青く輝くシャインマスカット。
このシャインマスカットを巡って、長野県の須坂市が揺れています。
「怒りたいですよね。何をしているんだと」と怒りの声を上げたのは、市内のブドウ農家。
その理由は、18日に須坂市長が会見で明らかにした、ふるさと納税返礼品向けシャインマスカットの産地偽装です。
須坂市・三木正夫市長:
あってはならないことと考えております。
須坂市はホームページで“フルーツ王国”とPRするなど、果物が特産品。
中でもシャインマスカットは、ふるさと納税寄付額の約8割にも上る大人気の返礼品です。

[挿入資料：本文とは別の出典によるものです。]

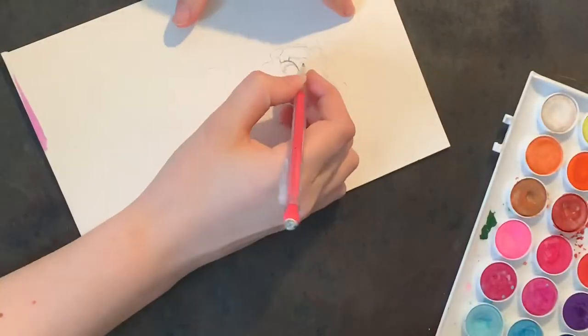Hey y'all, welcome to my channel! You ready to make some magic? Today I'm going to be drawing Luna Lovegood in my style from the Harry Potter series. So let's get painting.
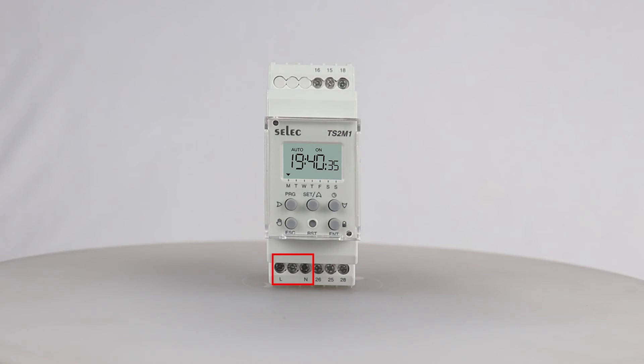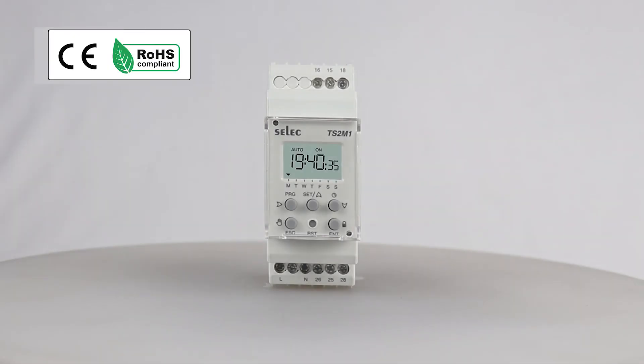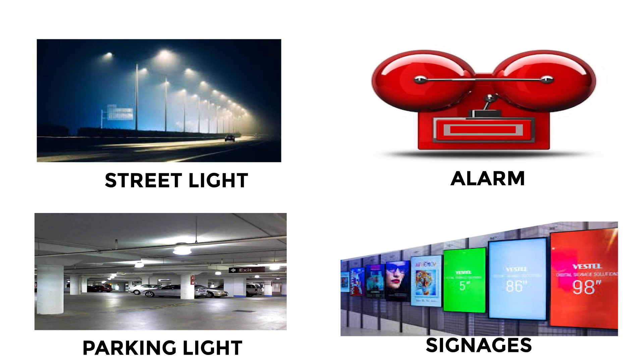The supply voltage for this product is 230 volts AC, and maximum power consumption is not more than 9 watts at 252 volts AC. The product is CE compliant, and hence can also be exported to Western countries such as Europe and America. Applications include parking light, strip light, alarm, and signages.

2023年には寄付額が39億円を超え、長野県の自治体で1位となりました。
そんな人気返礼品の産地偽装は、どのようにして起きたのでしょうか。
須坂市は、返礼品向けシャインマスカットの仕入れを和歌山県の業者に依頼。
しかし、その業者は山形県産のシャインマスカットを仕入れ、それを「長野県産」と偽り、2019年9月から約5年間、須坂市に送っていたというのです。
トータルの量は11トンほど。
この山形県産シャインマスカットに対するふるさと納税額は、1億2300万円余りに上るといいます。
問題は市の対応にもありました。
市はこの産地偽装について、2024年11月上旬までに業者から報告を受けていたにもかかわらず、2月下旬まで寄付の受け入れを継続。
この対応について、市長は会見で「農水省という国の調査が入っているということで、調査結果を待つと。判断の認識不足だったと反省しております」と釈明しました。
須坂市民からは、「皆さん、それ(返礼品)を求めてふるさと納税してくださるわけですから、偽装なんていうことは許されることではないと思う」「知った時点でストップかけられなかったのかな」など、不満と疑問の声が聞かれました。
須坂市内のブドウ農家は、今回の件でのイメージダウンを心配しています。
ブドウ農家・湯野沢宏健さん:
須坂市産の評判が落ちると、須坂の(シャインマスカットの)値段も落ちるかも。(市には)僕らが納得できるような説明をしてほしい。
市はふるさと納税の寄付を全て中止し、第三者委員会による調査を行う考えです。